# [RECORDS FOR THIS EXERCISE]
+++

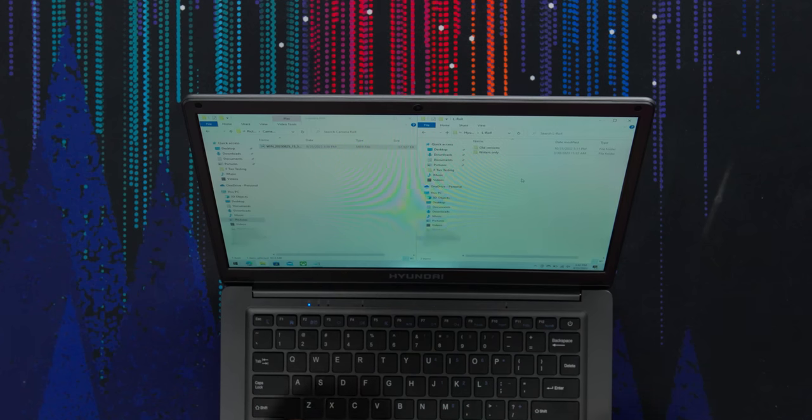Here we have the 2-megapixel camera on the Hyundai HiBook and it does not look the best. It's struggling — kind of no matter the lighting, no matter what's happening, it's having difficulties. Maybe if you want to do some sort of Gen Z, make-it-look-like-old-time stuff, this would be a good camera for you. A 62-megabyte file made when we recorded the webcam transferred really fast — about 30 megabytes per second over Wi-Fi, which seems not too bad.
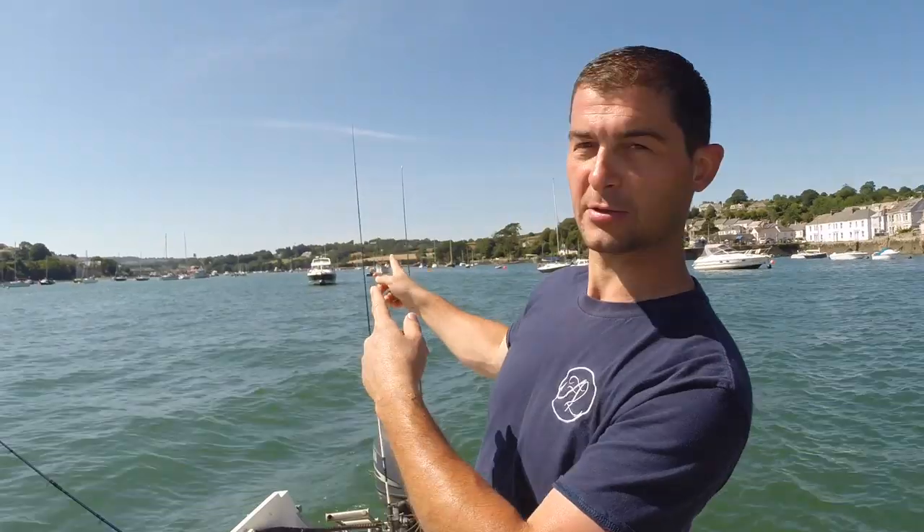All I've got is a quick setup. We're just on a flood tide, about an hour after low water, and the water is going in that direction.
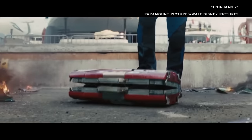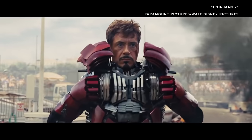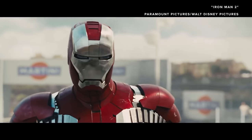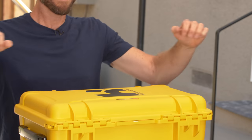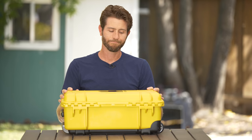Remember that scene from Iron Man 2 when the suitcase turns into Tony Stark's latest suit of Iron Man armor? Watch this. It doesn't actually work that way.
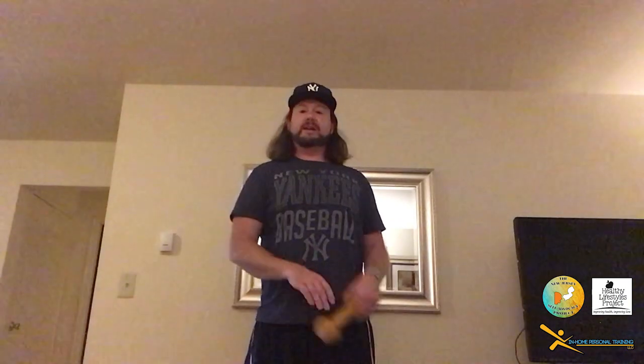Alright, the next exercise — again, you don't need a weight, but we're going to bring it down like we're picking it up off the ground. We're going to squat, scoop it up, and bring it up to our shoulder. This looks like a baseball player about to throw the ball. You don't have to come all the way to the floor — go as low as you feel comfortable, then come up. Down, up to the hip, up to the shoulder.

+++

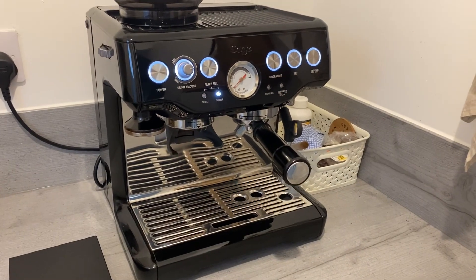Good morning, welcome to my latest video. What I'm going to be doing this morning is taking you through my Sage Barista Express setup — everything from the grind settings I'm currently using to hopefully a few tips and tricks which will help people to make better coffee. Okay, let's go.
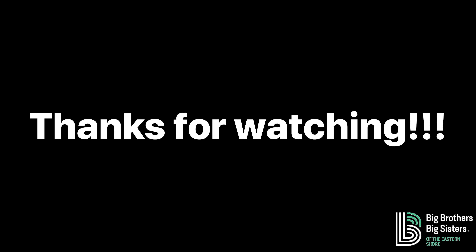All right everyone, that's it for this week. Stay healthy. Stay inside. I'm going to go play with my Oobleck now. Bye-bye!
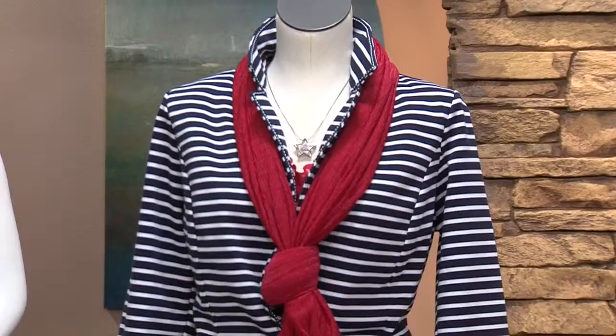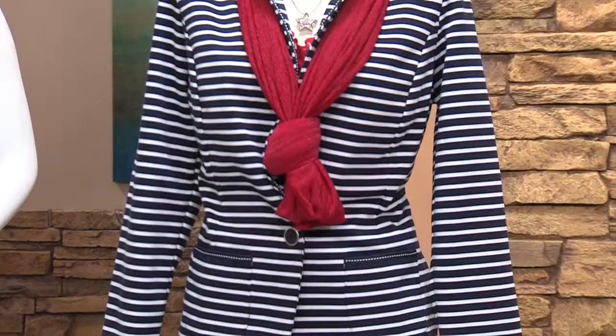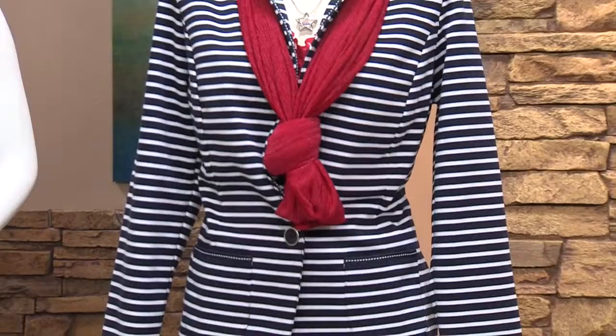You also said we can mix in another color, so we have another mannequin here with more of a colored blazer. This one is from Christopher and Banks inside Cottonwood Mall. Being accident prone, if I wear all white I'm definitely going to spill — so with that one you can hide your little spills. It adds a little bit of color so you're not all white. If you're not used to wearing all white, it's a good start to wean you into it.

+++

# [GOAL OF THE EXERCISE]
With the pictures removed, print only the lines starting at the line that has "Remember that scene" and ending at the line that has "Alright, the next", both ends included, exactly as they stand above.

# [RESPONSE]
Remember that scene from Iron Man 2 when the suitcase turns into Tony Stark's latest suit of Iron Man armor? Watch this. It doesn't actually work that way.
Alright, the next exercise — again, you don't need a weight, but we're going to bring it down like we're picking it up off the ground. We're going to squat, scoop it up, and bring it up to our shoulder. This looks like a baseball player about to throw the ball. You don't have to come all the way to the floor — go as low as you feel comfortable, then come up. Down, up to the hip, up to the shoulder.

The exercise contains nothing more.